Erik Frankhouser for my money the best legs on any present day but of course tom platz legend!!!


----------



## aseeby19 (May 3, 2010)

Branch warren


----------



## PHMG (Jun 15, 2010)

Robw said:


> Erik Frankhouser for my money the best legs on any present day but of course tom platz legend!!!


Yeah, he's underrated imo. Saw a photo of his calves next to a dinner plate and they were nearly the same size lol.


----------



## Robw (Aug 29, 2009)

aseeby19 said:


> Branch warren


Bloody good shout that as well Branch is the man


----------



## dixie normus (May 11, 2008)

nice camel toe on platz:lol: :lol: :lol:


----------



## PHMG (Jun 15, 2010)

aseeby19 said:


> Branch warren


Yes very true.










only thing is with branch, he's missing a few of the finer details but awesome mass!!


----------



## Robw (Aug 29, 2009)

PowerHouseMcGru said:


> Yeah, he's underrated imo. Saw a photo of his calves next to a dinner plate and they were nearly the same size lol.

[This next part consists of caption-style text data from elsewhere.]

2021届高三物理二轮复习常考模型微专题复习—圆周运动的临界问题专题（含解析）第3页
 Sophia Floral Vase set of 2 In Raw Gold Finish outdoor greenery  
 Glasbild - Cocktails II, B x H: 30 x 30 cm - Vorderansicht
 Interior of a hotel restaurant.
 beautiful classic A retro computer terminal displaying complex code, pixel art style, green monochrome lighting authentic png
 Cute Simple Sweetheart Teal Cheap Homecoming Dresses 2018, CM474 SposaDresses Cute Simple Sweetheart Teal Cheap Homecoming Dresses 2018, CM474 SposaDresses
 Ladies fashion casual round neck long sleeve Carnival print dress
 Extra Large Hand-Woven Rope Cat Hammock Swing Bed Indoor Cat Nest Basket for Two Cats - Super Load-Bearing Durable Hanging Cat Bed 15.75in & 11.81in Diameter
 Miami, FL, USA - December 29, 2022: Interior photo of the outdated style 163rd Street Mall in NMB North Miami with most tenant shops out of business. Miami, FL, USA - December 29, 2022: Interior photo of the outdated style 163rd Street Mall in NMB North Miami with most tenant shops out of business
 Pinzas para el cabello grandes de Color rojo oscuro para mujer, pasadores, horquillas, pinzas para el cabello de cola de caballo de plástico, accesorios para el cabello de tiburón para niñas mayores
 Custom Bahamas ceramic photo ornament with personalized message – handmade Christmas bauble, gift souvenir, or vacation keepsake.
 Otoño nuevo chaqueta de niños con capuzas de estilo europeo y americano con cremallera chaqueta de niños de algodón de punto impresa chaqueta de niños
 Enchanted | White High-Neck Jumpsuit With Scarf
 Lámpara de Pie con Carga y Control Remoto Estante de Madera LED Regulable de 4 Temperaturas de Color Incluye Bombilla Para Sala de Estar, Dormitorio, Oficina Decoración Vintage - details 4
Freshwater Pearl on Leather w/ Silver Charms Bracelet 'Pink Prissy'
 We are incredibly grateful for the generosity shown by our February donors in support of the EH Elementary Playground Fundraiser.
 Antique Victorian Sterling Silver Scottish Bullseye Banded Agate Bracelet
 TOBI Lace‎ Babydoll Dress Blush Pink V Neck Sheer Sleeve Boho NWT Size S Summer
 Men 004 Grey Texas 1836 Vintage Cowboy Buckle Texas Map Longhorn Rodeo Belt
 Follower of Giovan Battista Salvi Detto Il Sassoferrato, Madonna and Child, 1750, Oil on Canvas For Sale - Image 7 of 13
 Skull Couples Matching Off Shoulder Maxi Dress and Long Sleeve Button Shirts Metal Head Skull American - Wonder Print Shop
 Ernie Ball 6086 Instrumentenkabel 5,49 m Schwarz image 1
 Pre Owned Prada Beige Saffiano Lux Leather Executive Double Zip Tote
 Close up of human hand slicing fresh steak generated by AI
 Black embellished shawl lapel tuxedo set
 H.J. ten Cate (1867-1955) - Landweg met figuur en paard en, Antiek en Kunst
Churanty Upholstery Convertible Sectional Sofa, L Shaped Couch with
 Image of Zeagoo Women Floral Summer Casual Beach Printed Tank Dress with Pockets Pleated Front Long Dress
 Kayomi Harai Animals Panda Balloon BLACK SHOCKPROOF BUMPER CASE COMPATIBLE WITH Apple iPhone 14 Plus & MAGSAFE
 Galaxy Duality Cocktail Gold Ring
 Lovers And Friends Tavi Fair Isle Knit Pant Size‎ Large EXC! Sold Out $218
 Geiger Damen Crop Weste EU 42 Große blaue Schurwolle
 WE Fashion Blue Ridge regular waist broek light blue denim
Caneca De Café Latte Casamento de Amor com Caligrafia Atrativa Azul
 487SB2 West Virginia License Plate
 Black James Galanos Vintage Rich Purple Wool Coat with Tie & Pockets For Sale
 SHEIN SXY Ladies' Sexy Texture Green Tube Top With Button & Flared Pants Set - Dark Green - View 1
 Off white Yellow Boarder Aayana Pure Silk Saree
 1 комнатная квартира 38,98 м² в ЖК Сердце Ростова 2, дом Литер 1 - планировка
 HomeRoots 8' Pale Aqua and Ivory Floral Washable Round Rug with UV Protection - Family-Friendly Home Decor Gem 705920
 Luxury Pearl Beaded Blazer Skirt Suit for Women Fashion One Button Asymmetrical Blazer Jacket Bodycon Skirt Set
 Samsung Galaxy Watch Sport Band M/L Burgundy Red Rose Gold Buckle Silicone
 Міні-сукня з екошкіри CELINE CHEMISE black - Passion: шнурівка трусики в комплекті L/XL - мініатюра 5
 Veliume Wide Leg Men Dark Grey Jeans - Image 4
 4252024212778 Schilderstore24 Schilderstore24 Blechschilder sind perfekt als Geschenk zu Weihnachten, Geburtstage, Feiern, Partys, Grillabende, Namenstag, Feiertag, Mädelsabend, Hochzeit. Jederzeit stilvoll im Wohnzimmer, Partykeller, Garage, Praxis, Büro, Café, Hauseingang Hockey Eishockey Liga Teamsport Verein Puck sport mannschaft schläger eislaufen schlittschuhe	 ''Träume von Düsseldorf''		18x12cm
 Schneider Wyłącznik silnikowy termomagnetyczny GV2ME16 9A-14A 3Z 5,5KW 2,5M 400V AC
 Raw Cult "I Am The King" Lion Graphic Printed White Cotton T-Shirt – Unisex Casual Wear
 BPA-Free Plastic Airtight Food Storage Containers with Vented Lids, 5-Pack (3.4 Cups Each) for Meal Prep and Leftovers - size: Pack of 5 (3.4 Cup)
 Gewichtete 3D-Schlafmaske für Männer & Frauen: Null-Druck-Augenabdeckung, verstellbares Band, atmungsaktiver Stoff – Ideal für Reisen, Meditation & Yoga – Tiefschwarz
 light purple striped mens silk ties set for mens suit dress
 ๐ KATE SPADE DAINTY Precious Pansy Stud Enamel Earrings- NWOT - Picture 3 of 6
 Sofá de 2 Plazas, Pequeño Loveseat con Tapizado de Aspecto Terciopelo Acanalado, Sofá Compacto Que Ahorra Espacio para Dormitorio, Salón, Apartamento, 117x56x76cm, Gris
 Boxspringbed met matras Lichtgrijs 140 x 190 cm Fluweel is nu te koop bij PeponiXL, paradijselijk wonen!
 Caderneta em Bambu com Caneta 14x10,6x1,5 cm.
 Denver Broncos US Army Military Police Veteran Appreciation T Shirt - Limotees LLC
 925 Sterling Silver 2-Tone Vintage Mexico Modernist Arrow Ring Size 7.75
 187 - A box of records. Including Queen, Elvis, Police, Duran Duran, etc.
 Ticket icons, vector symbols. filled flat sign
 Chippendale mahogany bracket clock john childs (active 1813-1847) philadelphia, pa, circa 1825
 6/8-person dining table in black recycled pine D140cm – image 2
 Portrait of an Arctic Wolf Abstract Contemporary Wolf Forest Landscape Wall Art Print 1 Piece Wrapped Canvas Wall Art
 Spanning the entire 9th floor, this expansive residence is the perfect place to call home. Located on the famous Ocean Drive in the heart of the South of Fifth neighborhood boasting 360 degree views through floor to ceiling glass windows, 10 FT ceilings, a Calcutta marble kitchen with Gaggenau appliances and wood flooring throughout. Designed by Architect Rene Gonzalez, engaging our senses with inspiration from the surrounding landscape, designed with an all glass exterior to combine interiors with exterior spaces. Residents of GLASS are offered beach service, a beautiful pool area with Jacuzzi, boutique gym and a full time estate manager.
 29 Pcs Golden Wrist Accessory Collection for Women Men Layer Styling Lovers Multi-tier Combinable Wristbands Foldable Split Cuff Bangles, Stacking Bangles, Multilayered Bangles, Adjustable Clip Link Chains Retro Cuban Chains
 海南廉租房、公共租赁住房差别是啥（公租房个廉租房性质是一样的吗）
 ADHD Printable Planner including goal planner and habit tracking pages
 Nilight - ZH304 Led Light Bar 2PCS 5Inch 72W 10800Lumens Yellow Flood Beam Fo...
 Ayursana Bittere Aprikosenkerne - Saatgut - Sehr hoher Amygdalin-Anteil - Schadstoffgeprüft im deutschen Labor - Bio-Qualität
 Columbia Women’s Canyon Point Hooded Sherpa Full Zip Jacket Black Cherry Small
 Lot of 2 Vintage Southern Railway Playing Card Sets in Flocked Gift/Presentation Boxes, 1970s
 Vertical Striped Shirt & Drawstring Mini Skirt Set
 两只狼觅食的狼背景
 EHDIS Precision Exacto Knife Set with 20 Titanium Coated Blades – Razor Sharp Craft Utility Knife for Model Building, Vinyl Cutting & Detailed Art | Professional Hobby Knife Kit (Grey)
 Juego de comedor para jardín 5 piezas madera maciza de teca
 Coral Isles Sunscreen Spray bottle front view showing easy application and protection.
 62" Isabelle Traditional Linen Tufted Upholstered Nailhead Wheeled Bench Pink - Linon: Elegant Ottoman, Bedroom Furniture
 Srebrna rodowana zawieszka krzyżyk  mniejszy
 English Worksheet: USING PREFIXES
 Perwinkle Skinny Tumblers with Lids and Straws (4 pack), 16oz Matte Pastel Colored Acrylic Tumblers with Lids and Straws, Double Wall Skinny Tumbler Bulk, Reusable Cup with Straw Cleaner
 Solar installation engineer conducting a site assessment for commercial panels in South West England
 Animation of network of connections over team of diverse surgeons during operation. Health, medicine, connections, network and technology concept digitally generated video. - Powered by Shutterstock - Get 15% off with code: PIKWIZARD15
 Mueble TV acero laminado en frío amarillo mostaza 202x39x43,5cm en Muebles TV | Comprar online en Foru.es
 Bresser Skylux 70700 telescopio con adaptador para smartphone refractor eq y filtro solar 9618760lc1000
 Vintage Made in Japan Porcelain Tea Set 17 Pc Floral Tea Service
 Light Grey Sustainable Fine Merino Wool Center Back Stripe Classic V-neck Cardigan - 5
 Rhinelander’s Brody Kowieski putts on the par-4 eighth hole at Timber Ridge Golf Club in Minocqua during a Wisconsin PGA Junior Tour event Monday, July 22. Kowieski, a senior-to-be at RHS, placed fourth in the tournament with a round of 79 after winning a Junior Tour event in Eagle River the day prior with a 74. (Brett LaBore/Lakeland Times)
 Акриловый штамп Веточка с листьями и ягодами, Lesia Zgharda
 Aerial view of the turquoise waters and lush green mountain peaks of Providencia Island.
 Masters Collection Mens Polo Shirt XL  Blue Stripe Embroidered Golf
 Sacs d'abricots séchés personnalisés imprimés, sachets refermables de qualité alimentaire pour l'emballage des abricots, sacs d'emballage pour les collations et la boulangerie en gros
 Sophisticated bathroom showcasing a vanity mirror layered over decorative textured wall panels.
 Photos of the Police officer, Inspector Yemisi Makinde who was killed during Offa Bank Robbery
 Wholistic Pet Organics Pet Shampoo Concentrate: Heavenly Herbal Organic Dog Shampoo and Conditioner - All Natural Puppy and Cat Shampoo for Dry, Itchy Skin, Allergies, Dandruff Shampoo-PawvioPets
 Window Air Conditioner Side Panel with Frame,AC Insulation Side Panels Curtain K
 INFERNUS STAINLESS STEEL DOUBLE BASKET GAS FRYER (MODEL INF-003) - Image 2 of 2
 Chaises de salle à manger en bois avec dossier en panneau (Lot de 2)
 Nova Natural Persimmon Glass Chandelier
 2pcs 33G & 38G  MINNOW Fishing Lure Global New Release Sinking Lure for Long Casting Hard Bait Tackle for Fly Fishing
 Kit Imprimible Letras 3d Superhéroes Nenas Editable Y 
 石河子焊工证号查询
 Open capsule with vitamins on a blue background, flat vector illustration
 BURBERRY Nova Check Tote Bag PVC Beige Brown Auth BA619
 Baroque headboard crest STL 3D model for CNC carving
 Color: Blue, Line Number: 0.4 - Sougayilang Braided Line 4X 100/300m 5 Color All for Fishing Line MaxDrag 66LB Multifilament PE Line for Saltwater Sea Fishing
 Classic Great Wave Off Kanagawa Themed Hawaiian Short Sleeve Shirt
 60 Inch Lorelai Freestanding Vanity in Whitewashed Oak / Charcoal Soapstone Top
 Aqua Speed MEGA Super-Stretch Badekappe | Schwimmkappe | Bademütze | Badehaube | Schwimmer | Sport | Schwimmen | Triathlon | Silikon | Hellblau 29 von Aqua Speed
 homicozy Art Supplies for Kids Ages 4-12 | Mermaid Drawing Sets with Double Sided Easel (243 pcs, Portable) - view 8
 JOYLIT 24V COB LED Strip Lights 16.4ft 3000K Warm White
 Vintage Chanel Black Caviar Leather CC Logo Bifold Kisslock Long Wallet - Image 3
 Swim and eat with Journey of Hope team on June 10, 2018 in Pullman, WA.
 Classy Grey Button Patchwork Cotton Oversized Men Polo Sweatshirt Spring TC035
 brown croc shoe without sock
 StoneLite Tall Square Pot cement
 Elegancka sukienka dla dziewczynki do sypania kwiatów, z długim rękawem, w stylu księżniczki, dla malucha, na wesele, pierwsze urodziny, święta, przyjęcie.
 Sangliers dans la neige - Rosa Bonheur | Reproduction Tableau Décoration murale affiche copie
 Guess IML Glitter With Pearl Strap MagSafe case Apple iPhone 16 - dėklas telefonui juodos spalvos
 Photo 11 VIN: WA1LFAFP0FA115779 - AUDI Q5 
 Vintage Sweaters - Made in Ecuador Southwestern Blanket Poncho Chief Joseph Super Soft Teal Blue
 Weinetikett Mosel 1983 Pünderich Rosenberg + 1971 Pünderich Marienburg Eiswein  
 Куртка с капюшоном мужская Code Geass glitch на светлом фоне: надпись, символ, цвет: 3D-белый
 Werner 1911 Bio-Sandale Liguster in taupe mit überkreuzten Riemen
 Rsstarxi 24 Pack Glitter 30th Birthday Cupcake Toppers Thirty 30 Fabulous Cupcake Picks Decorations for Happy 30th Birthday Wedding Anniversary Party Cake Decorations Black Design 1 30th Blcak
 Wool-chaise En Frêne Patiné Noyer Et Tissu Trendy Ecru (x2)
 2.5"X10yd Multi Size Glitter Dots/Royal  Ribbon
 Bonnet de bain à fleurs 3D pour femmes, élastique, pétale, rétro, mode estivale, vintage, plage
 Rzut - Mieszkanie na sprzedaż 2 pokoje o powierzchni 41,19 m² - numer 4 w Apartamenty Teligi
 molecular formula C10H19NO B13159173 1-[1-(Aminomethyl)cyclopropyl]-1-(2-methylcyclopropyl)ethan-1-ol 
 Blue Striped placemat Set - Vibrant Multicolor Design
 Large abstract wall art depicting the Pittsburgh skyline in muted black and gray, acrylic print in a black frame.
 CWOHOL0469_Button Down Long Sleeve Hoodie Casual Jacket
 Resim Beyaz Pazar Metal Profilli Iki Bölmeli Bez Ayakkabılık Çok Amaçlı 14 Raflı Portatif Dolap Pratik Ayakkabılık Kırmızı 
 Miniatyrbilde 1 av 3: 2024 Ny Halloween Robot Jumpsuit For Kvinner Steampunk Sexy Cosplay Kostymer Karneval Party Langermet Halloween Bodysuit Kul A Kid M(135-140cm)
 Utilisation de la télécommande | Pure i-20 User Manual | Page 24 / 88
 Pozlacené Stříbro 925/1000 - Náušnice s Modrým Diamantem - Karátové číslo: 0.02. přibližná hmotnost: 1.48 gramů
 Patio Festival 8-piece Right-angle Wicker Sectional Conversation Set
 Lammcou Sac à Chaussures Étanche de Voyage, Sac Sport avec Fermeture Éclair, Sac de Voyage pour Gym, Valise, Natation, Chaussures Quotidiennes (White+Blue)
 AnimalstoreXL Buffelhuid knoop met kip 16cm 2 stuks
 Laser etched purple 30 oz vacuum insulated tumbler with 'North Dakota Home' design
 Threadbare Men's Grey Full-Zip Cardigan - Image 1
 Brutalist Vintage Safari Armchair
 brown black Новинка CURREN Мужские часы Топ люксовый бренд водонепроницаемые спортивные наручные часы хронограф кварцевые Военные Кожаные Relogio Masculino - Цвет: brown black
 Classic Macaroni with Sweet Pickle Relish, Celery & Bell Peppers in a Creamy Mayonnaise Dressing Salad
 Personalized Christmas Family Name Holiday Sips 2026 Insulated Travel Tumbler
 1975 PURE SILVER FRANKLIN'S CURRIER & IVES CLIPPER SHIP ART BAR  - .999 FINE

Yes mate his calves are beyond anything i have ever seen before and he dont even train them anymore


----------



## PHMG (Jun 15, 2010)

dixie normus said:


> nice camel toe on platz:lol: :lol: :lol:


hahaha


----------



## TprLG (Jun 1, 2010)

PowerHouseMcGru said:


> She is great (is it too sexist to say sexy as hell too??)


Hell no! I would :wink: ... if she'd let me :lol:


----------



## PHMG (Jun 15, 2010)

Robw said:


> Yes mate his calves are beyond anything i have ever seen before and he dont even train them anymore


Saw a doc. on him and the other teams payers (american football) sh.it themselfs when they saw him step off the bus just cos of his calves.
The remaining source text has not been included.